Aber auch im Familiensystem meiner Mutter. Ein Großonkel von ihr, den ich allerdings nie persönlich kennengelernt habe, war auch Jesuit gewesen. Meine Mutter stand ebenfalls positiv zu meiner Entscheidung und hat sie von Anfang an gestützt und begleitet. Sie ist dann auch – zumal mein Vater immer weiter weg in der Politik war – zur wichtigeren Gesprächspartnerin für mich geworden. Sie war auch als Telefonseelsorgerin in den pastoralen und kirchlichen Fragen stärker „drin“. Ich konnte mich auch mit kritischen Fragen an sie wenden.
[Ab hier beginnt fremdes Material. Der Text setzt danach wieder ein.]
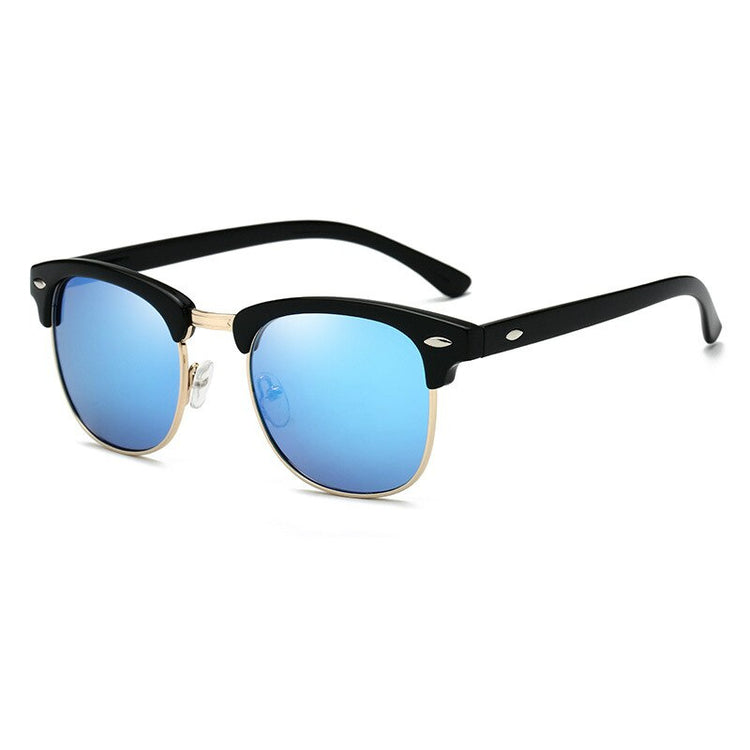 Classic Semi-Rimless Sunglasses Vintage Hollywood Movie Star Look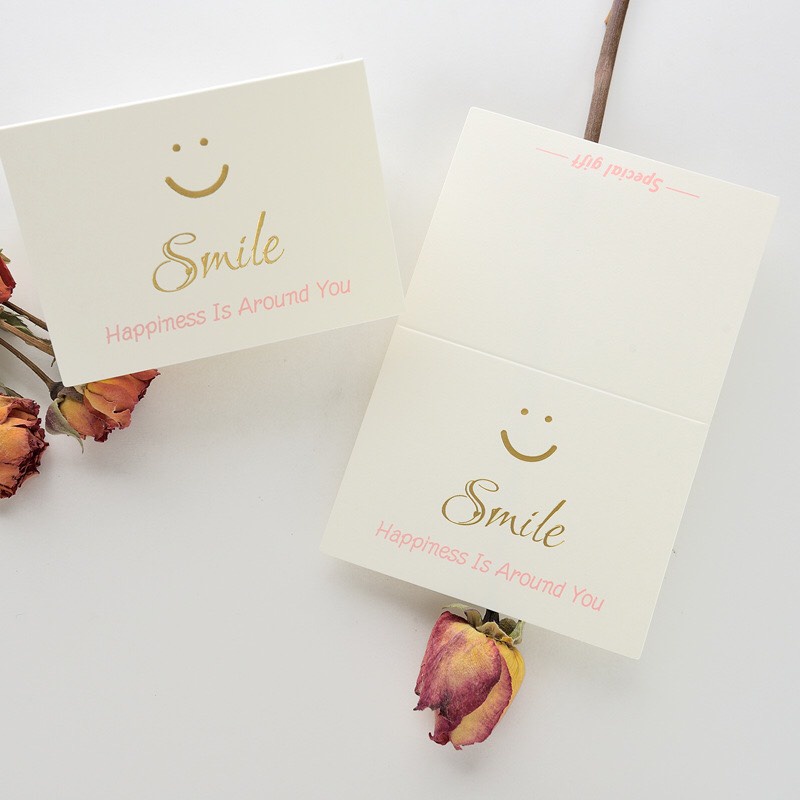 Thiệp sinh nhật, cám ơn đơn giản xinh xắn 9x7cm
Mein Vater schätzte die jesuitische Theologie. Er bewunderte Pater de Lubac*. Aus der Nachkriegszeit in der deutsch-französischen Studentenbewegung war Pater de Rivau* eine wichtige, beinahe väterliche Persönlichkeit für ihn. Auf der anderen Seite waren die Entwicklungen im Jesuitenorden in den Siebziger- und Achtzigerjahren so, dass sie nicht im Mainstream der damaligen CDU-Politik lagen. Ich erinnere mich, als ich an Weihnachten 1977 für drei Tage aus dem Noviziat nach Hause kam, an ein Gespräch, bei dem ein Professor und Freund meines Vaters dabei war. Dieser Freund war allerdings besonders konservativ, sodass es auch meinem Vater oft zu weit ging. Wie auch immer: Wir saßen am Tisch, und der Freund fing an, über die Jesuiten zu schimpfen, und sagte: „Die Jesuiten von heute sind alle Marxisten!“ Ich erinnere mich auch, dass mein Vater nicht besonders erbaut war, dass Jesuiten zum Beispiel vor Mutlangen gegen Pershing-Raketen* protestierten. Oder dass lateinamerikanische Mitbrüder, die in der Befreiungstheologie* aktiv waren, in einer Weise mit marxistischem Vokabular umgingen, die seinen ideologiekritischen Maßstäben widersprach. Er hatte zudem noch 1968/69 ein Sabbatical in Harvard absolviert und dort im Seminar bei Henry Kissinger* geforscht und gelehrt. Dass die lateinamerikanische Theologie und die dortige Kirche die USA für die Lage in Lateinamerika verantwortlich machten und Kissinger umgekehrt die Jesuiten für gefährlich hielt, brachte ihn in Loyalitätskonflikte – so meinte ich es jedenfalls manchmal zu spüren.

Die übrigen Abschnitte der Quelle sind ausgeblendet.